Zeynep çokça ince olan yorganı kenara iterek ayaklandı. Eşofman takımını üstüne geçirdiğinde aynaya pek bakmadan odasından çıktı. Evden de çıkacakken bir ses sayesinde duraksadı,  "Zeyneep!" diyordu ses. Annesiydi bu, ve onu hazırladığı kahvaltıya çağırıyordu. "Kahvaltı etmeyecek misin?"

"Hayır," demekle yetindi Zeynep. Kapıyı çekip kapattığında koşarak evi geri de bıraktı. Ne kadar çabuk uzaklaşsa o kadar iyiyidi.

Yaz tatili gireli bayağı oluyordu. Kerem gideli ise bir o kadar daha. Bileğinin hakkıyla kazandığı sınavlarla üniversiteye gitmeye hak kazanmıştı Zeynep. Sadece o da değil. Melis, Yağmur, Barış ve Can da duyduğuna göre kazanmışlardı.

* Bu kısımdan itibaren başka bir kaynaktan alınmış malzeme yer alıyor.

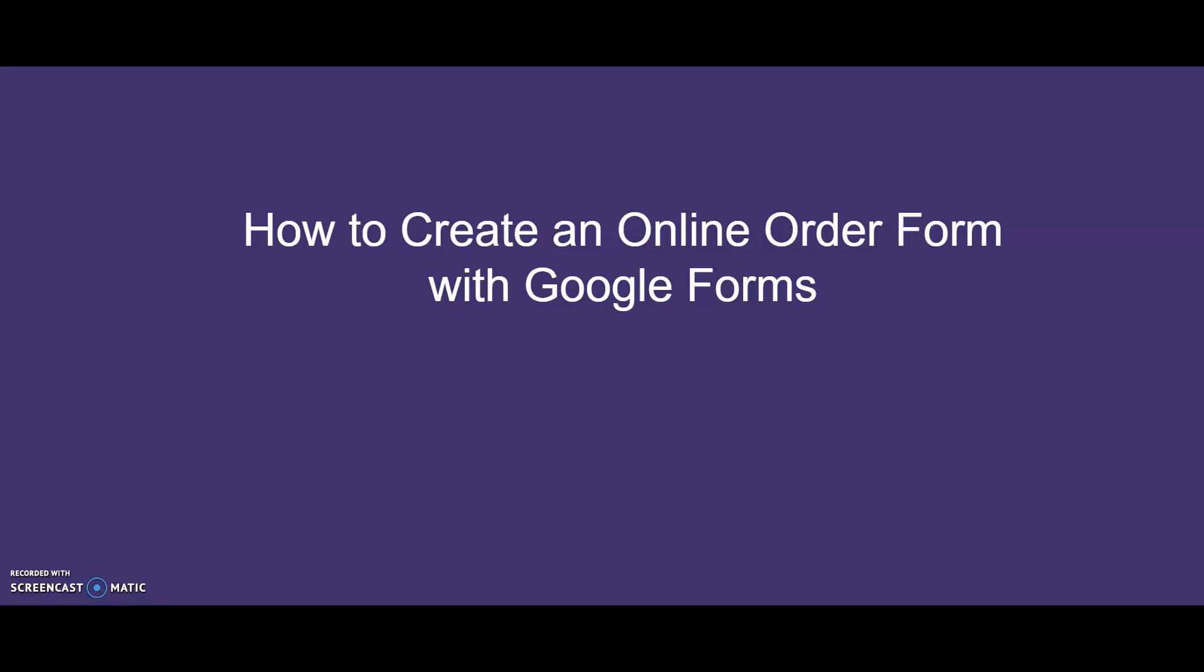Hi everyone, today I will show you how to create an online order form with Google Forms.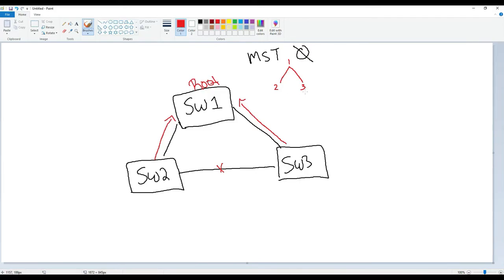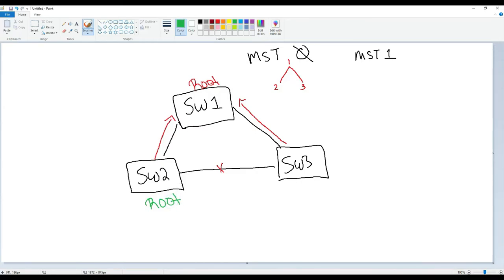By default, every single VLAN belongs to Instance 0 when you turn on Multiple Instance Spanning Tree. So if you just turn on MST and don't do anything, it's going to operate like Rapid Spanning Tree with only one instance. What you want to do is create another instance — let's say MST Instance 1. Since Instance 1 is a separate tree from Instance 0, we can place the root bridge elsewhere. Let's say we want Switch 2 to be the root for Instance 1, so Switch 1 and Switch 3 determine the fastest path to Switch 2.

Sayer Holding ve Yılmaz Holdingin kenetlenerek ortaya çıkardığı iş onların yeni okulları olacaktı; Sayerler ve Yılmazlar ortaklığında ortaya çıkan Sayer & Yılmaz Üniversitesi olarak çoktan reklamı çok güzel bir şekilde yapılarak ülke geneline tanıtılmıştı. Her mecrada tanıtımları bulunuyordu ve yüksek sayılacak öğrenci başvurusu yapılmıştı.
Ama bunları düşünmek yapmak isteyeceği son şeydi şu an. Kendi ailesini zaten düşünmek istemiyordu. Sayerler'i de.. Onlar, Kerem'i bir hiçmiş gibi yollamışlardı Amerika'ya. Hemde ikinci defa.. Normalde insanlar hatalarıyla öğrenir ve güçlenirdi ve o hatayı tekrar etmemek için elinden geleni yaparlardı. Zeynep'e göre böyleydi. Ama Sayer ailesi bu hatayı ikinci kez yapmışlardı. Oğullarına, kendi oğullarına.. Kendi canlarından olan, öz oğullarına yaptıkları bu hatalar o zavallı Kerem'e de epey yansıyordu. Bir kere, kendini hiçbir şekilde ezdirmeyişi; kendini herkesten üstün görmesi ve niceleri. Bunlar muhakkak Kerem'in savunma mekanizmaları haline gelmişti.